AMD’s new 0.13-micron Athlon XP/2200+ delivers very good performance results. Only when faced with SSE2-optimised software and multimedia applications such as video and audio encoding programs does the Athlon XP give way to Intel’s Pentium 4. When running other applications (games, Internet) the AMD chip is either faster than or tied with the Pentium 4. Although Intel has a clear performance advantage with the new 533MHz-bus Pentium 4 in combination with PC1066 Rambus memory, PCs built around these components will be expensive.
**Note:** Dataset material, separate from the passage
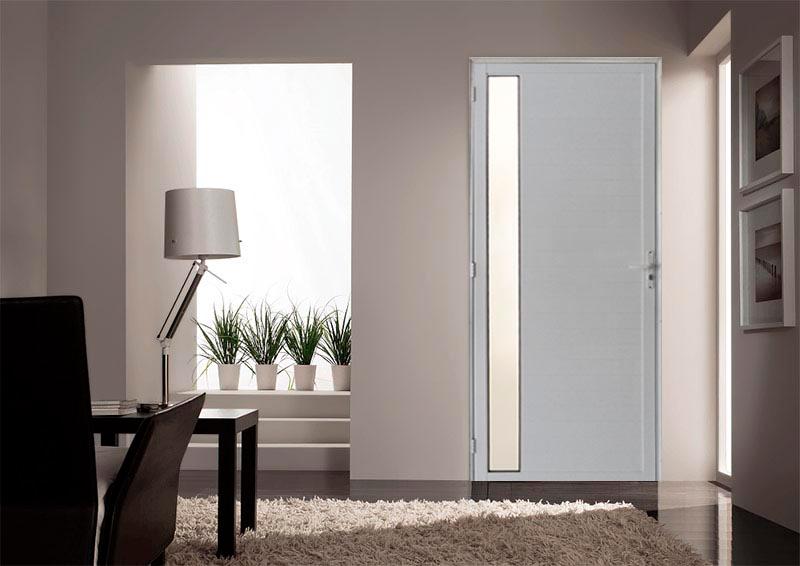 Porta Lambril C/ Visor Alumínio Branco 2.10 X 0.90 - Hale - 3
Equipped with the more common DDR266 memory, the 2.53GHz Pentium 4/2533 will not always match the performance of an Athlon XP/2200+. However, more and more software producers are optimising their programs for Intel’s flagship CPU. Our performance tests with Lightwave 7b and the DivX compression with XMpeg show just how much can be achieved with P4-optimised software. Here, the Pentium 4 has a clear performance advantage over the Athlon XP -- no matter which type of memory is used. AMD processors, on the other hand, enjoy an extremely attractive price/performance ratio. The 2.53GHz Pentium 4 costs at $637 (when bought in 1,000-unit quantities), which is more than double what you‘ll pay for an Athlon XP/2200+ ($241). Furthermore, PC1066 Rambus memory is nearly three times as expensive as DDR333 memory.
The bottom line
In the long term, the Athlon XP cannot keep up with the Pentium 4. Intel is increasing the clock speed on the Pentium 4 faster than AMD can with the Athlon XP. In the second half of this year AMD will release an Athlon XP with 512KB of Level 2 cache, codenamed Barton. However, the company does not plan to increase the Athlon's frontside bus to 166MHz -- which seems appropriate given the advent of DDR333 memory. AMD should remain competitive with the Barton processor until the end of the year. After that, the Hammer chip is set to take over the pursuit of the Pentium 4.